| What you are asked to do |
From the first line to the last, restate the material word for word; pictures stay out.

[[ Data extract, beginning ]]

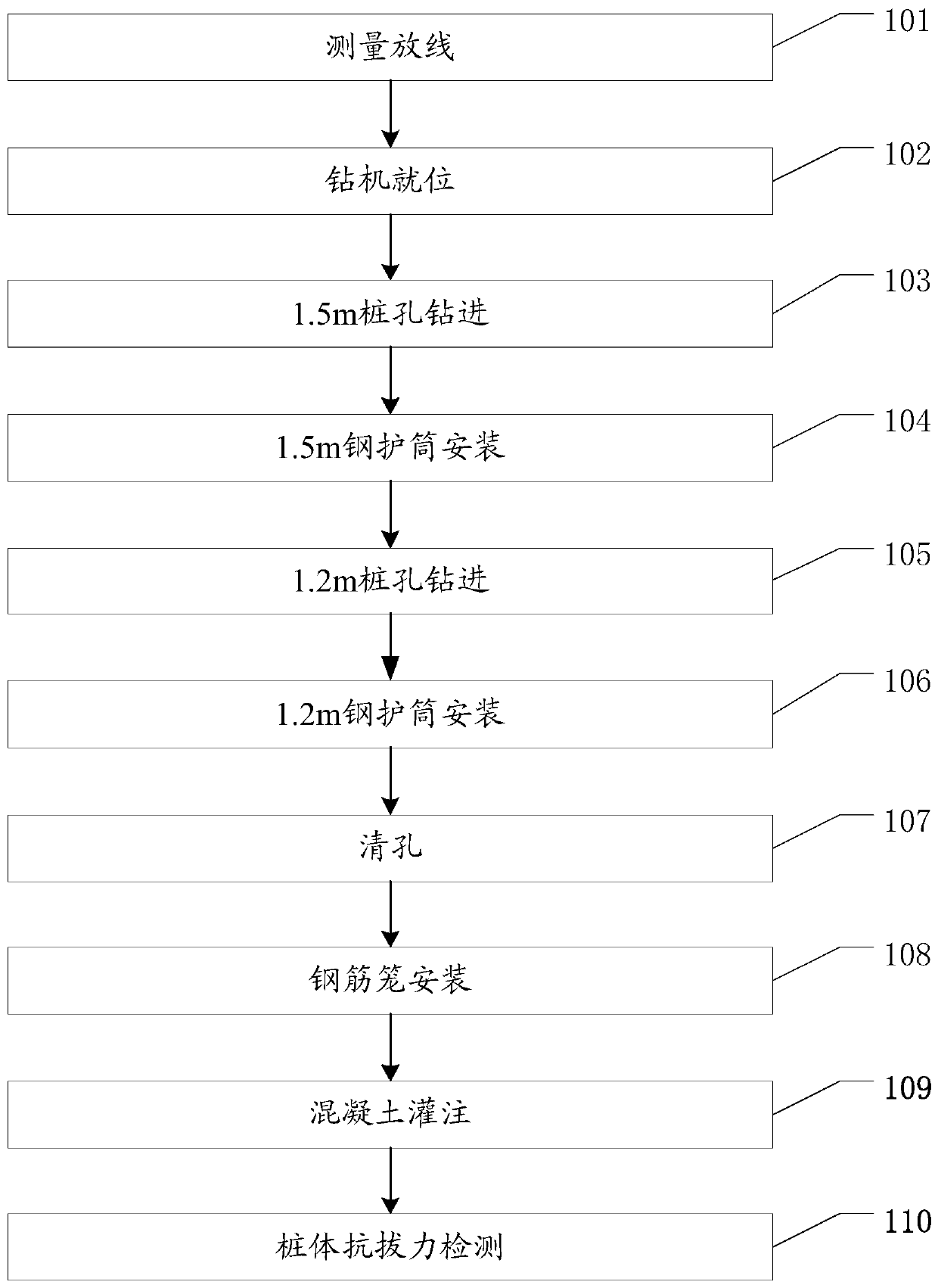 Double-casing zero-friction static load detection construction method based on uplift pile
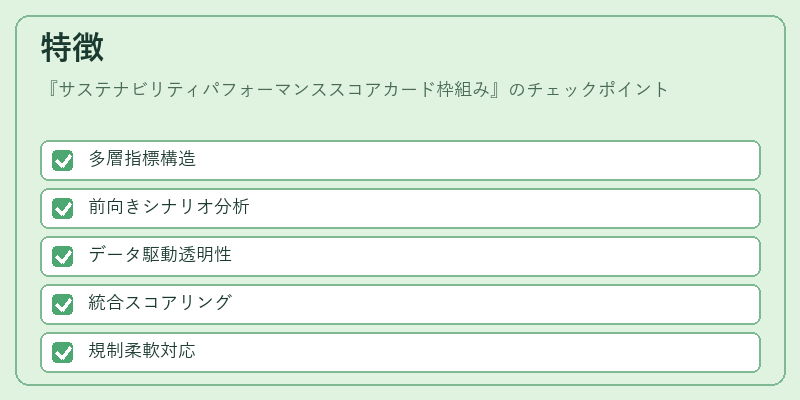 特徴(サステナビリティパフォーマンススコアカード枠組み)の図解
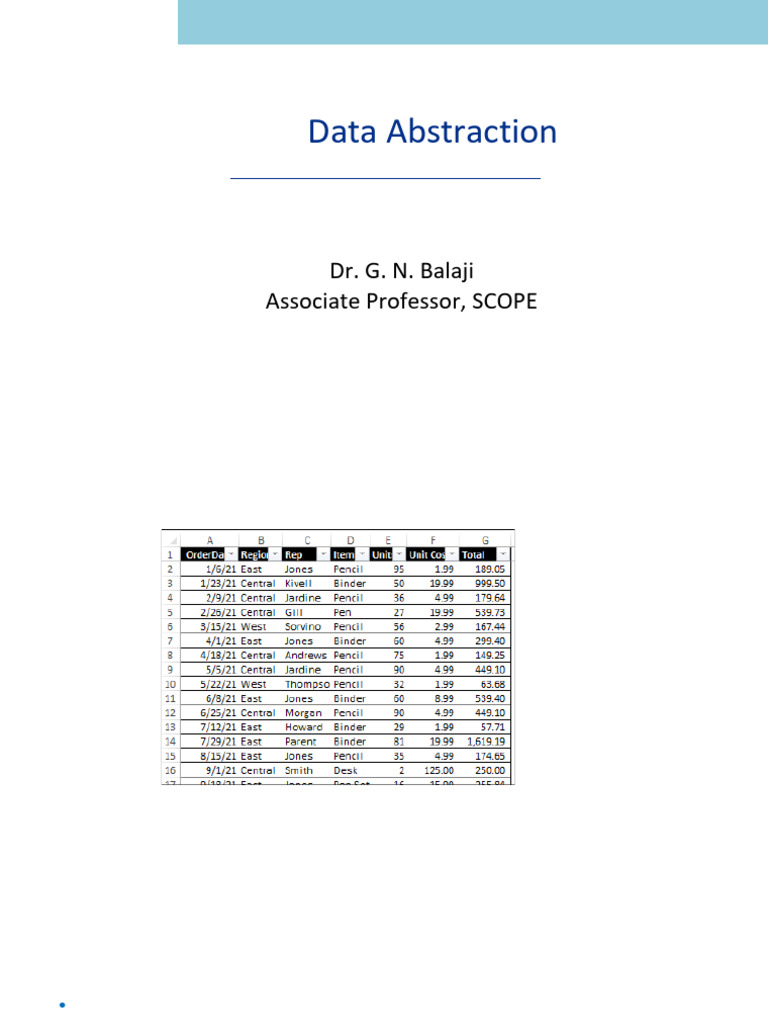 Advanced Data Visualization Insights | PDF | Data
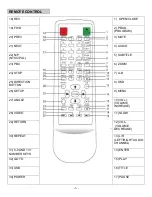 Preview for 7 page of Impecca DVHP9112 User Manual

[[ Data extract, end ]]

| Task result |
 Double-casing zero-friction static load detection construction method based on uplift pile
 特徴(サステナビリティパフォーマンススコアカード枠組み)の図解
 Advanced Data Visualization Insights | PDF | Data
 Preview for 7 page of Impecca DVHP9112 User Manual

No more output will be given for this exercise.